In a recent technical briefing session, Toyota announced a raft of new technologies as it catches up to other carmakers in electric vehicle expansion plans. One of them is giga casting, wherein select car body parts are constructed from two or three main components, simplifying the manufacturing process and reducing costs.
Tesla was the first to widely use the giga press, and multiple carmakers have attempted to emulate the approach. Geely uses the technique for the Zeekr 009 MPV and General Motors is reportedly using it for its upcoming flagship EV, the Cadillac Celestiq. Volvo and Hyundai have similar plans as well.
A giga press is a high-pressure die-casting machine that injects molten aluminium into casting molds. Tesla is believed to have first used it on the Model Y, reportedly replacing assemblies consisting of 70 parts, with just two to three huge castings.
The house-sized machines have a clamping force of 55,000 to 61,000 kilonewtons (5,600 to 6,200 tons of force), although it may vary depending on configuration and make, as Tesla appears to be diversifying its giga press suppliers, and not rely solely on Italy’s IDRA. Switzerland’s Bühler and China’s LK Group are other big players in the space.
Gallery: IDRA Group Confirms It Has Supplied Huge Casting Machine For The Tesla Model Y
Giga casting benefits are multifold. The technology allowed Tesla to reduce the Model Y's rear underbody manufacturing costs by 40 percent, as per some experts.

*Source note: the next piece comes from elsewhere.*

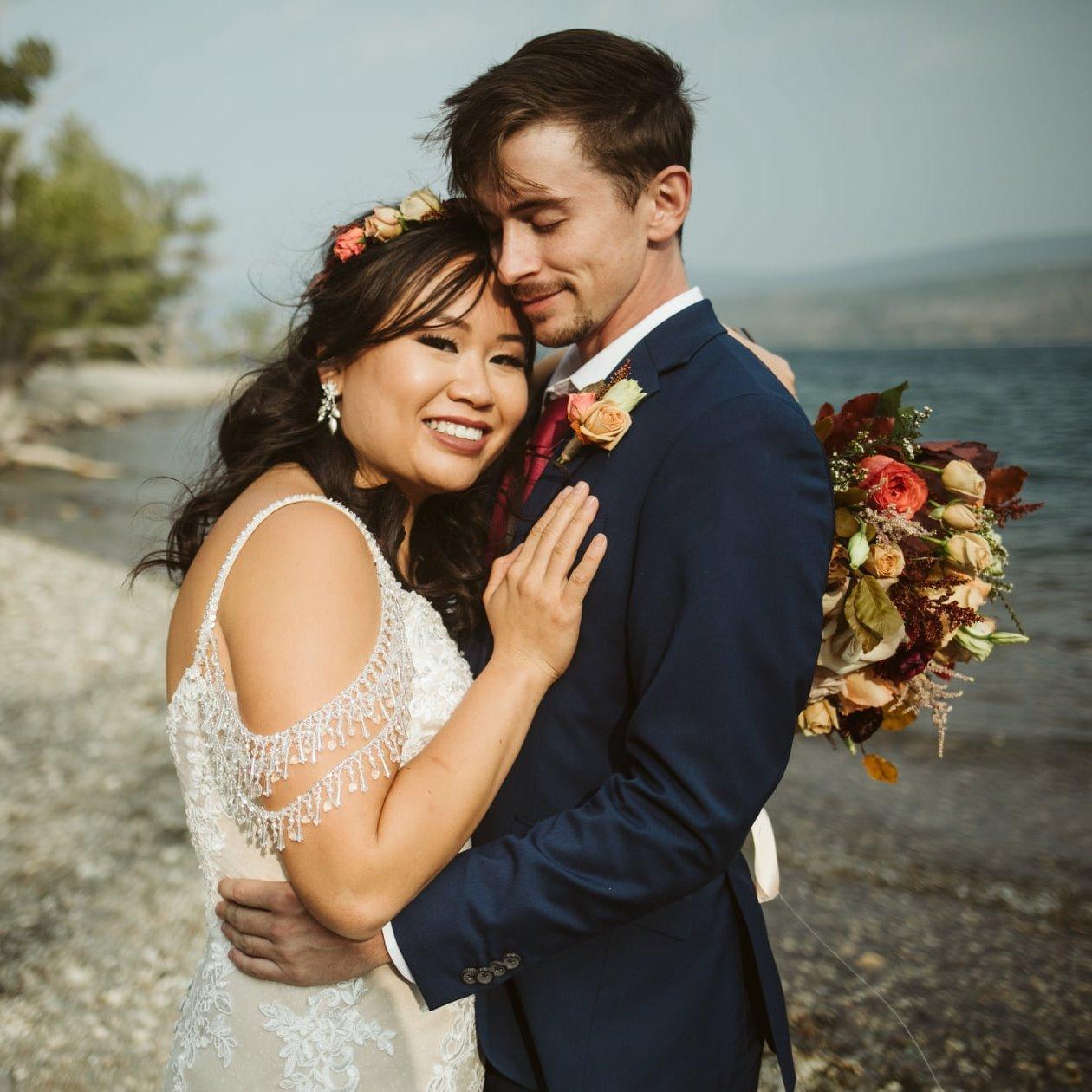 Elopement at Glacier National Park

For the Model 3, Tesla removed 600 robots from the assembly, as the giga press simplified production, reported Autoblog. Meanwhile, Toyota has said the technology will reduce processes and plant investment by half.
Another reason for the wider adoption of technology is the potential weight savings. EV batteries are heavy, and manufacturers look to compensate for the additional weight elsewhere. Giga press presumably reduces carbon emissions as well by eliminating dozens of individual parts.
Although there are a few pitfalls to the technology. In case of accidents, replacing huge parts could cost a lot more than replacing smaller components. Even though body manufacturing is highly automated nowadays, the practice can also impact businesses supplying smaller components, according to Automotive News Europe.